In [1]:
import torch
device = "cuda" if torch.cuda.is_available() else "cpu"

In [2]:
tokens = ['Gully', 'cricket', 'चल', 'रहा', 'हैं', 'यहां', '"', '(', 'Soniya', ')', 'Gandhi', '"']
LID_Tags = ['en', 'en', 'hi', 'hi', 'hi', 'hi', 'univ', 'univ', 'ne', 'univ', 'ne', 'univ']
PoS_Tags = ['ADJ', 'PROPN', 'VERB', 'AUX', 'AUX', 'ADV', 'PUNCT', 'PUNCT', 'PROPN', 'PUNCT', 'PROPN', 'PUNCT']

lang_tags = ['hi', 'en']
other_tags = ['univ', 'ne', 'acro']

# CodeMixed Sentence Object

CodeMixSentence object serves as a comprehensive container for analyzing and quantifying code-mixing. It encapsulates 
- structural components of a sentence (tokens, language tags, part-of-speech tags) 
- various metrics that measure the degree and patterns of language mixing, such as Code-Mixing Index (CMI), burstiness, language entropy, and SyMCoM scores. 
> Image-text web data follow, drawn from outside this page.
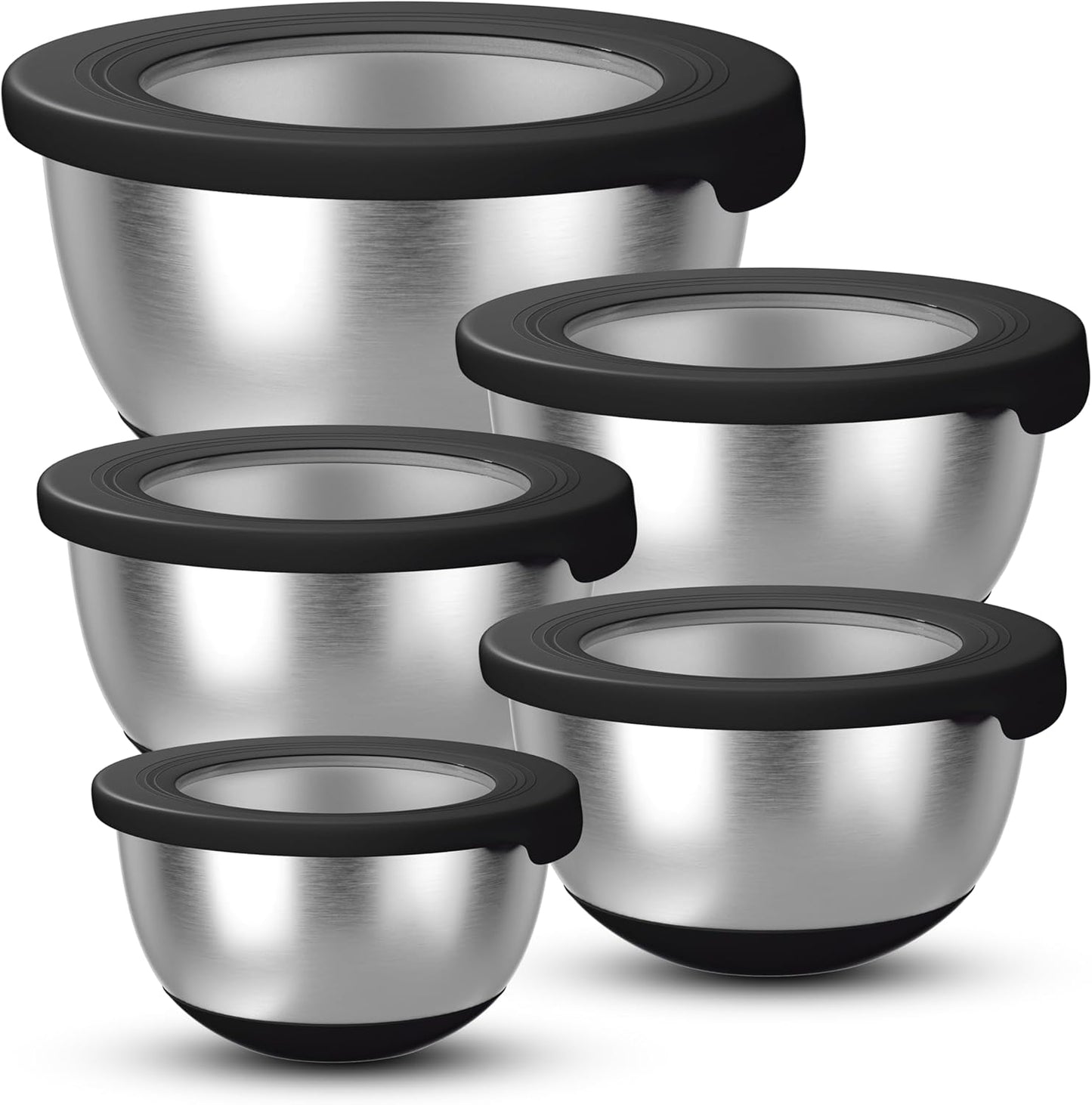 Stainless Steel Mixing Bowls with Lids – Set of 5 Large Nesting Metal Bowls for Kitchen, Baking, Cooking, Food Prep & Storage, Non-Slip Base, Dishwasher Safe,Black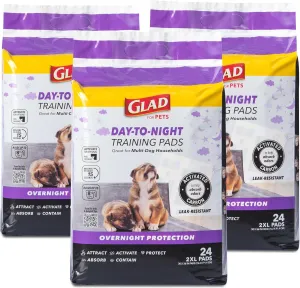 Glad for Pets Giant Size Activated Carbon Puppy Training Pads, All Day Style with Wall Protection and Adhesive | Super Absorbent and Leak Proof Dog Training Pads, 24 Count - 3 Pack
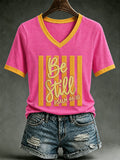 Be Still Psalm 46 10 V-Neck Shirt Christian Religious Apparel Christian Gifts Her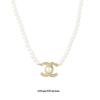 Elegant Double C Pearl Necklace with Zircon Pendant - Versatile Light Luxury Fashion Accessory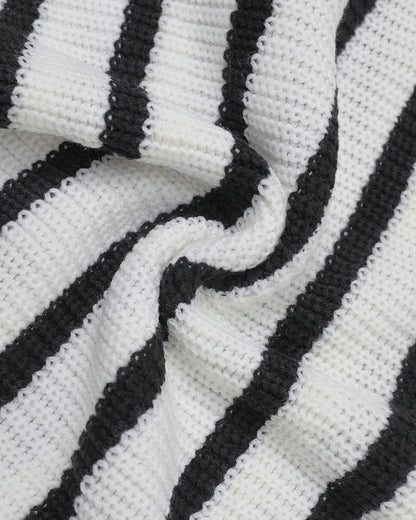 Women's Striped Henley Drawstring Hooded Sweater Loose Fit Lantern Sleeve Knit Pullover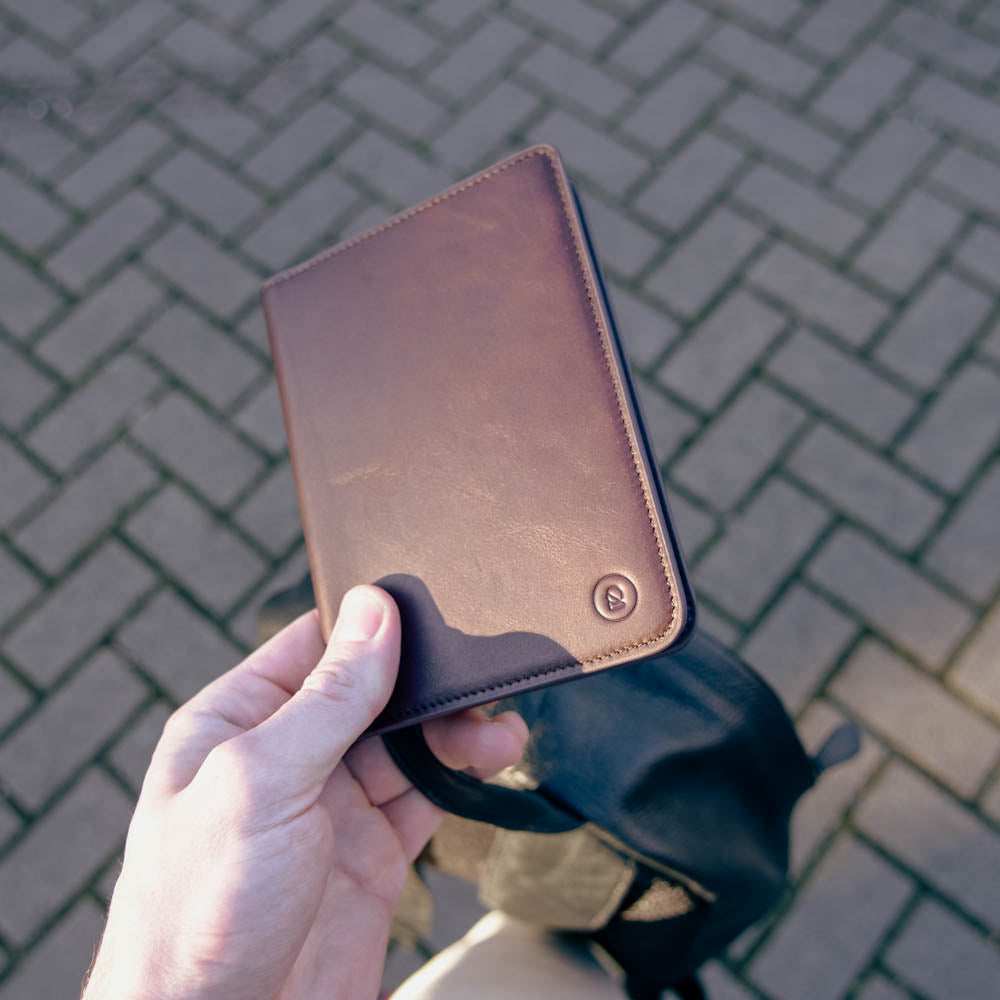 Premium Leather Passport Holder - Travel Essentials - Dark Brown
The CodeMixSentence object provides a standardized framework for computing and storing code-mixing metrics, which is essential for several reasons:

- Standardisation: Having a standardized format, capturing necessary attributes of a code-mixed sentence, makes it easier to share and compare results across different datasets, and across the research community.
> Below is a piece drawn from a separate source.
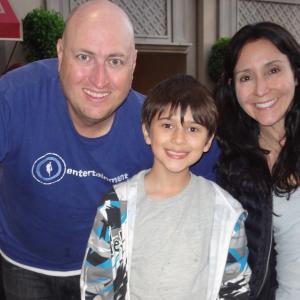 Gage with Executive Producers Shawn Ryan and Marney Hochman on the set of Beverly Hills Cop The Pilot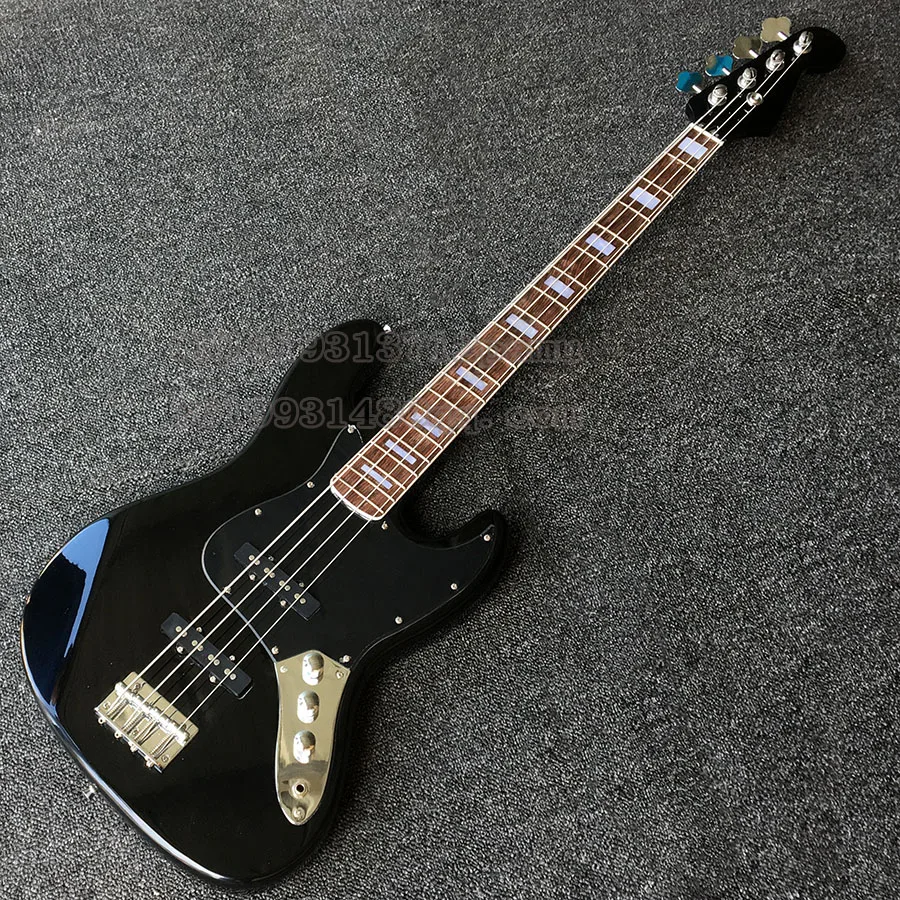 Черный Jass бас-гитара 4 струны палисандр гриф Китай на заказ электрическая бас-гитара s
- Reproducibility & Consistency: By encapsulating all the metrics (CMI, burstiness, I-index, language entropy, etc.) in a single object with well-defined computation methods, it ensures that one can reproduce the same results when analyzing code-mixed text.

- Extensibility: The object provides a clear structure for adding new metrics or modifying existing ones while maintaining compatibility with the established framework. This is important as the field of code-mixing research continues to evolve.
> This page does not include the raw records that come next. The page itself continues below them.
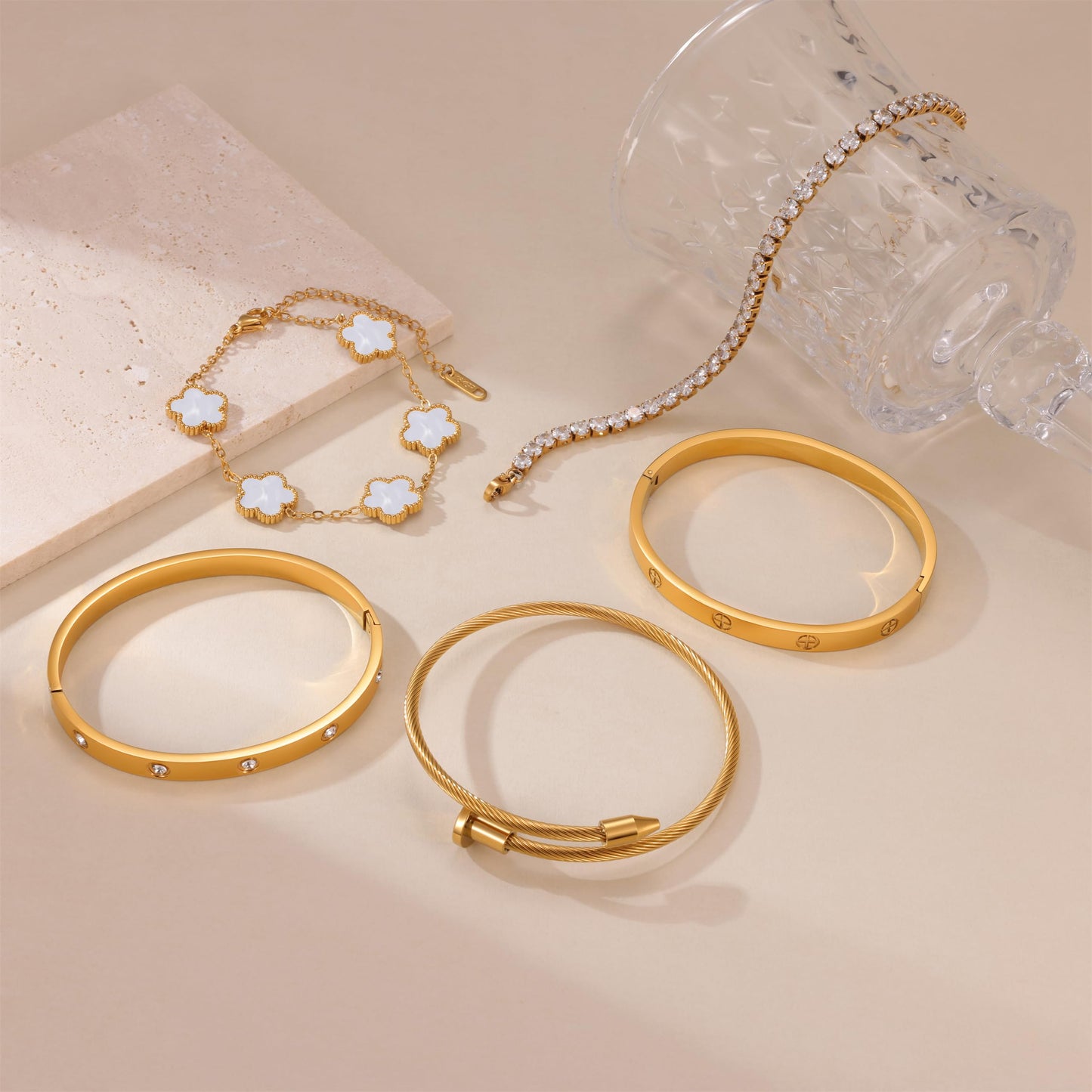 RIVOWMKI 18K Gold Plated Bracelet Set for Women, Sparkling CZ Bangle Adjustable Tennis Bracelet, Stackable Clover Jewelry, Non Tarnish Non Fade Long Lasting Shine for Client Meeting Afternoon Tea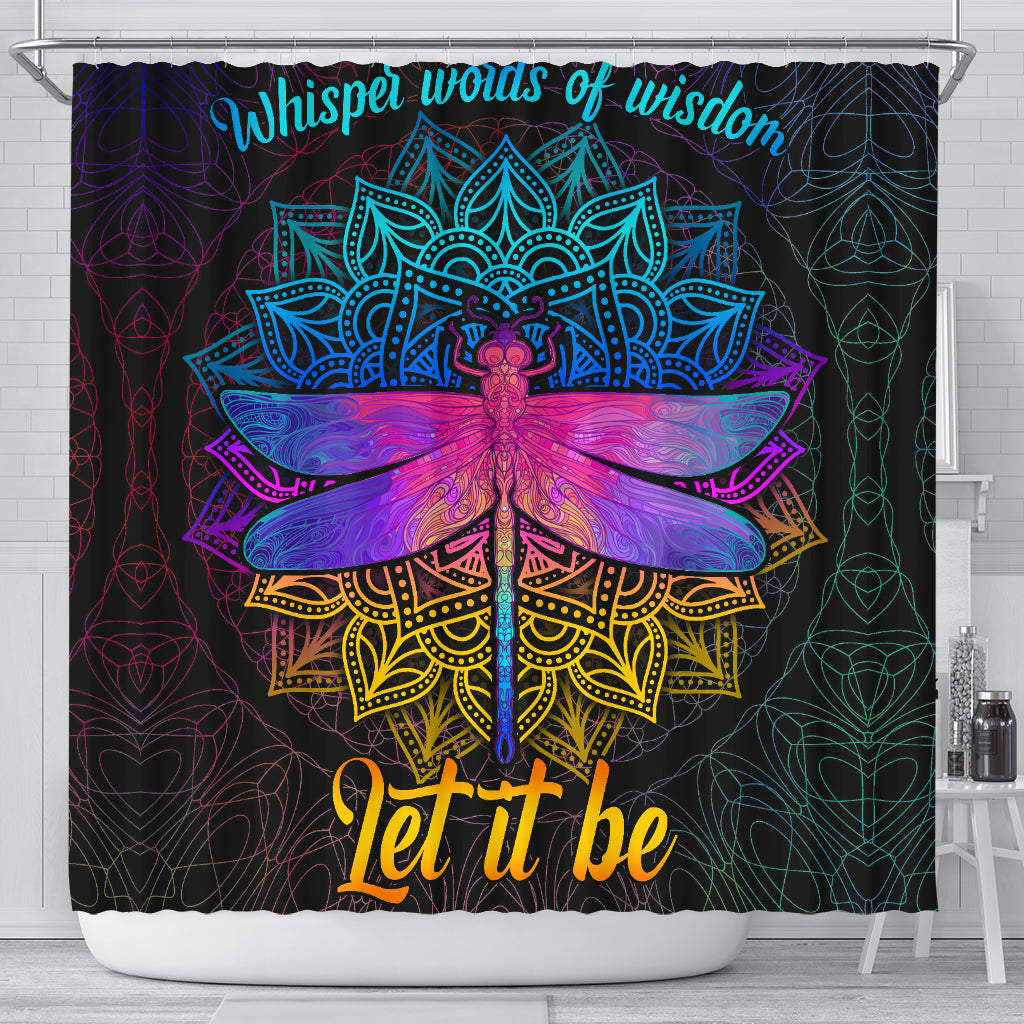 Dragonfly Mandala Shower Curtain - Let It Be Design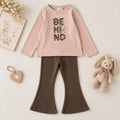Completo bimba 100% cotone con maglia rosa cipria e pantalone marrone svasato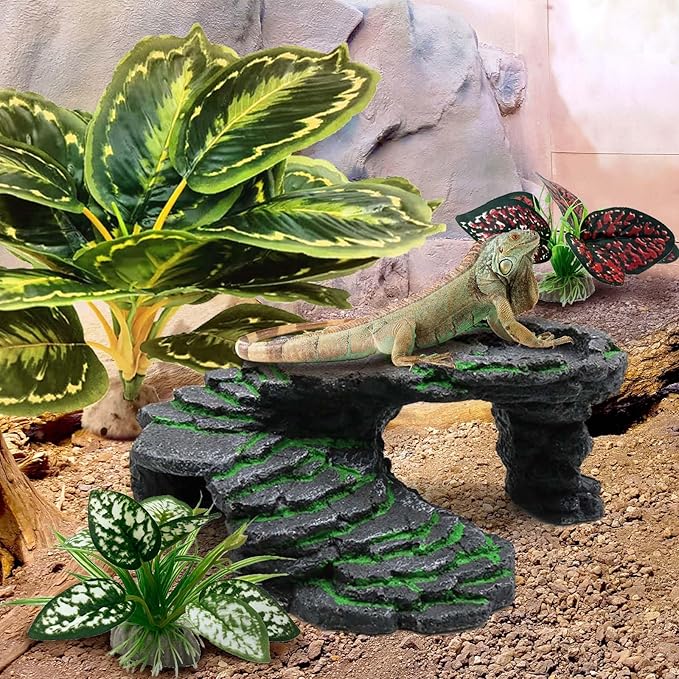 Reptile Artificial Plants, Terrarium Plants Decorations Supplies, Aquarium Fish Tank Plant, Amphibian Habitat Hideout Tank Accessories(L Set-3pcs/C)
The CodeMixSentence object provides a common ground for analysis.

In [3]:
from codemix.cs_metrics import CodeMixSentence
codemixed_sentence = CodeMixSentence(lang_tagset = lang_tags, 
                                    other_tagset = other_tags, 
                                    l1 = 'en', 
                                    l2 = 'hi', 
                                    sentence = None, 
                                    tokens = tokens, 
                                    LID_Tags = LID_Tags, 
                                    PoS_Tags = PoS_Tags)

In [4]:
print(codemixed_sentence)

CodeMixSentenceCombined(
    lang_tagset=['hi', 'en'],
    other_tagset=['univ', 'ne', 'acro'],
    l1='en',
    l2='hi',
    sentence='None',
    tokens=['Gully', 'cricket', 'चल', 'रहा', 'हैं', 'यहां', '"', '(', 'Soniya', ')', 'Gandhi', '"'],
    LID_Tags=['en', 'en', 'hi', 'hi', 'hi', 'hi'],
    PoS_Tags=['ADJ', 'PROPN', 'VERB', 'AUX', 'AUX', 'ADV', 'PUNCT', 'PUNCT', 'PROPN', 'PUNCT', 'PROPN', 'PUNCT'],
    length=12,
    cmi=None,
    burstiness=None,
    i_index=None,
    lang_entropy=None,
    mindex=None,
    spavg=None,
    symcom_sentence=None
)


# CodeMix Metrics

In [5]:
'''
Computes all the metrics for the code-mixed sentence object which would have necessary fields like LID Tags and PoS Tags.
'''

codemixed_sentence.compute_all_metrics()
print(codemixed_sentence)

CodeMixSentenceCombined(
    lang_tagset=['hi', 'en'],
    other_tagset=['univ', 'ne', 'acro'],
    l1='en',
    l2='hi',
    sentence='None',
    tokens=['Gully', 'cricket', 'चल', 'रहा', 'हैं', 'यहां', '"', '(', 'Soniya', ')', 'Gandhi', '"'],
    LID_Tags=['en', 'en', 'hi', 'hi', 'hi', 'hi'],
    PoS_Tags=['ADJ', 'PROPN', 'VERB', 'AUX', 'AUX', 'ADV', 'PUNCT', 'PUNCT', 'PROPN', 'PUNCT', 'PROPN', 'PUNCT'],
    length=12,
    cmi=33.333333333333336,
    burstiness=-0.3592455179659185,
    i_index=0.2,
    lang_entropy=0.9182958340544896,
    mindex=0.7999999999999999,
    spavg=1,
    symcom_sentence=0.6666666666666666
)


# Visualization

In [6]:
from codemix import codemix_viz as cv

annotation_printer = cv.AnnotatedTextPrinter()

In [7]:
annotation_printer.print_sample_st_annot_text(tokens, LID_Tags, PoS_Tags)

In [8]:
annotation_printer.export_html(file_name="codemix_visualization_test.html")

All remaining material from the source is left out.